There was further negative supply news the following week as it was announced that the Netherlands will be shutting down the Groningen gas field on October 1st. While there has been uncertainty around this particular gas field – and it’s impact on the surrounding area – it has always been considered as a plausible backup option should Europe require extra gas production. The closure of the field amounts to the elimination of a major contingency plan and will likely cause some worry amongst countries who haven’t secured their gas supply ahead of the coming winter.



However, small supply disruptions may not impact the UK market as much as first anticipated. National Gas Transmission PLC stated that consumption behaviour has changed, and demand levels have decreased. With higher prices being one of the primary reasons for this shift in consumption patterns.


In spite of this decrease in demand, it hasn’t stopped the National Grid from being proactive in looking to reduce usage during peak hours. The Demand Flexibility Service (DFS) -- used last winter to encourage households to lower their usage during times that the grid is strained -- may include factories and other commercial endeavours if expanded this winter.


While this may be important for some industries to consider, it isn’t the only energy-related matter they should be focusing on at the moment. Consumer Energy Minister Amanda Solloway urged Energy Intensive Industries to make sure they apply for the ETII discount before the deadline (July 25th) passes. There are fears that many businesses who are eligible to receive the extra discount may miss out due to a lack of awareness and not completing their application in time. If you are unsure about whether your business is eligible to receive the ETII discount then check out our previous article on ETII eligibility or contact us today for free assistance with your application.


Multiple factors have led to the higher-than-normal energy prices over the past 18 months, one of which has been the way the National Grid pay generators for producing electricity during times of peak demand. OFGEM are now investigating whether some generators have been exploiting the existing rules to make more profit, at the expense of customers. It remains to see what will come from the OFGEM consultation, but it is promising to see the regulator looking into this matter.



Outlook

Price forecasts for the energy bills of the average household for October ‘23 have fallen. However, rather than being due to a significant decrease in price this is as a result of OFGEM revising the typical consumption levels of a UK household, noting that people are generally consuming less now than they were 2 years ago.


Despite the volatility and wholesale price increases in the gas markets during June, the month did end with some positive news. Centrica announced an increase in storage capacity at the UK’s largest gas storage facility. The increase of 24 billion cubic feet in capacity will help the UK in being prepared for the winter months and fight against any potential complacency caused by last year’s milder-than-usual weather.
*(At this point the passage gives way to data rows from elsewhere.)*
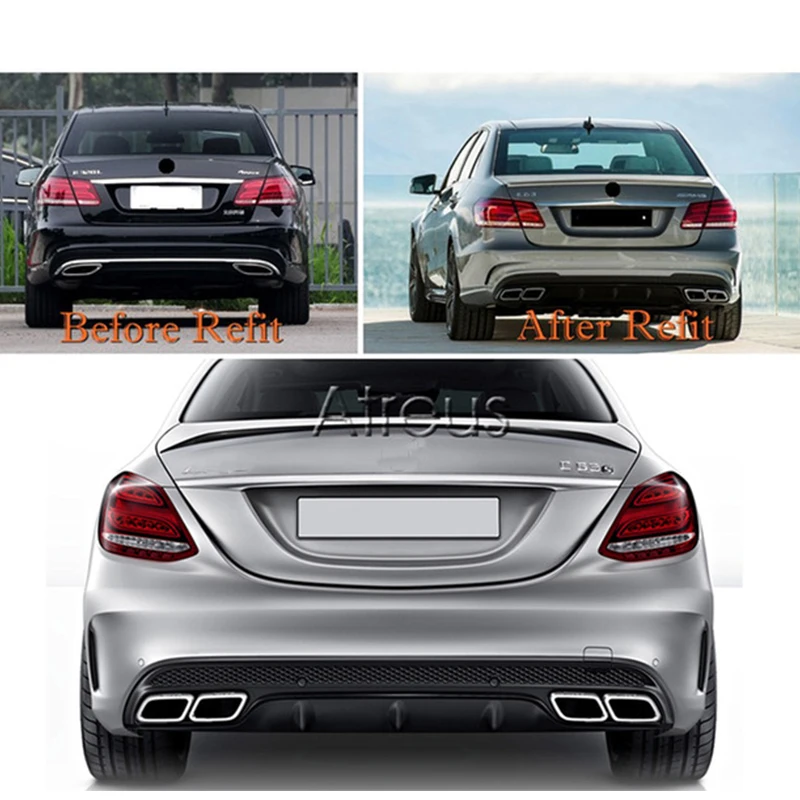 ZD 2 шт. для Mercedes BENZ W205 C63 2012 2013 2014 AMG хром 2015 Нержавеющая Сталь автомобильный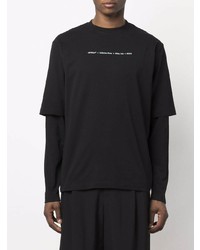 T-shirt à manche longue noir Off-White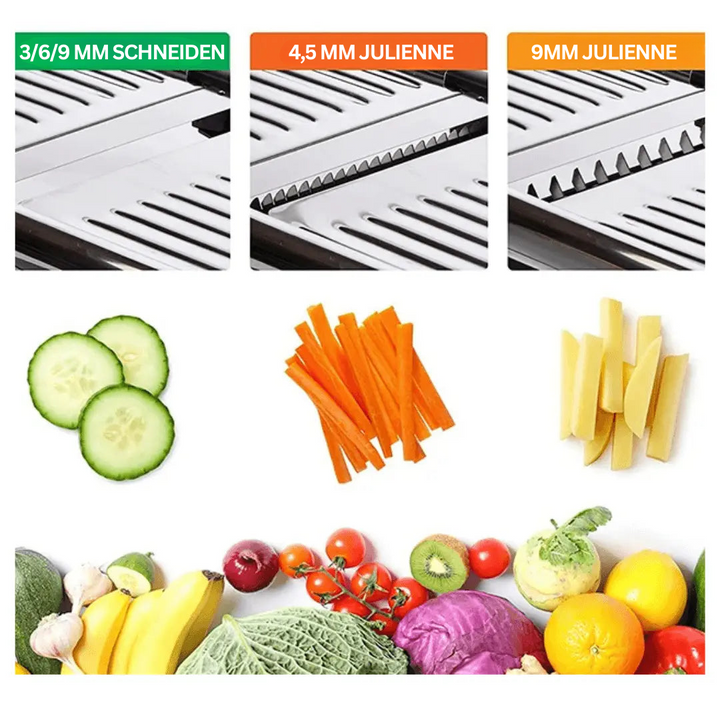 Lisslune | ProLine Sharp Cutter – Adjustable Mandoline Slicer for Vegetables and Fruit
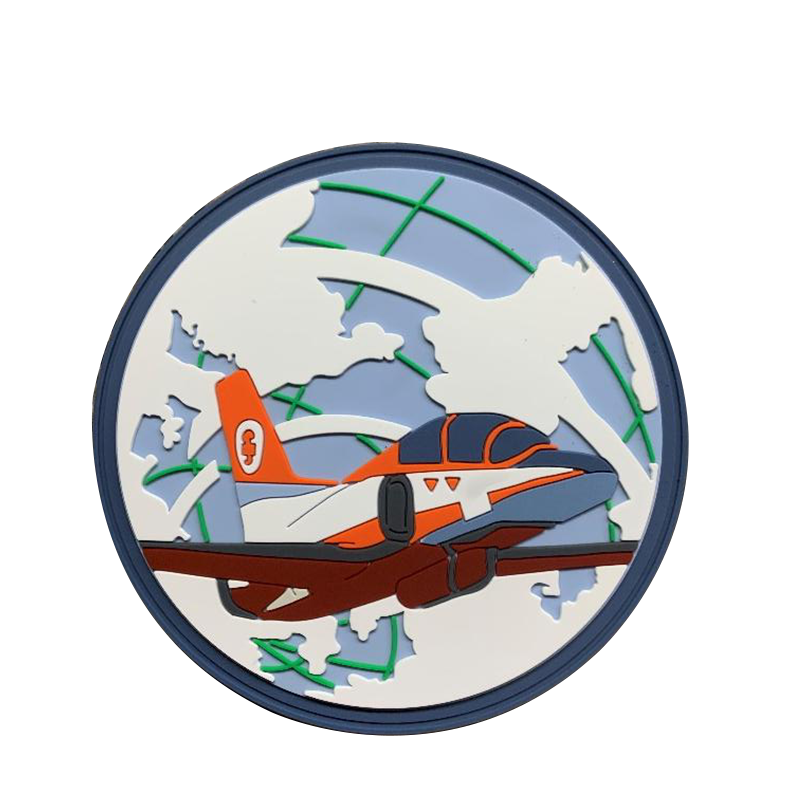 酷美智悦 长春航展纪念品橡胶章(红鹰机型) 11cm 个高清大图
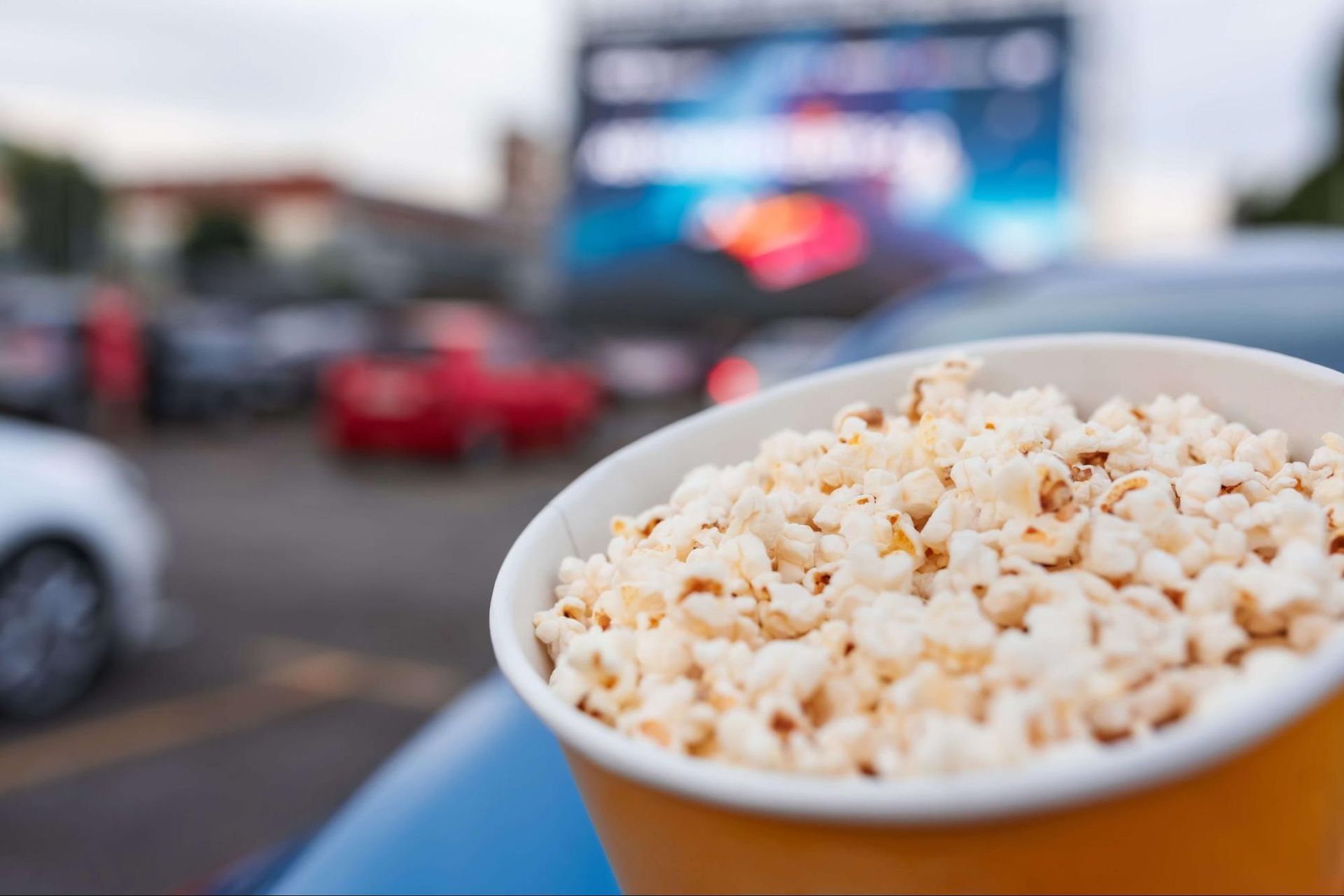 Eating popcorn is one of many Things To Do In New Braunfels.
Last month we wrote that the wholesale markets were behaving as though they were close to the yearly low and that seems even more likely now with hindsight. The lowest intraday price of 2023 came on May 30th, and the lowest closing price was seen on the 1st of June. It does seem that prices are now set to rise going into the winter months – although more positive news along the lines of Centrica’s increased storage capacity could be sufficient in curtailing price increases. However, with no guarantees of positive fundamental news to come, now does seem like an opportune time to start considering new contracts for those whose contract is up for renewal before the end of Q1 2024.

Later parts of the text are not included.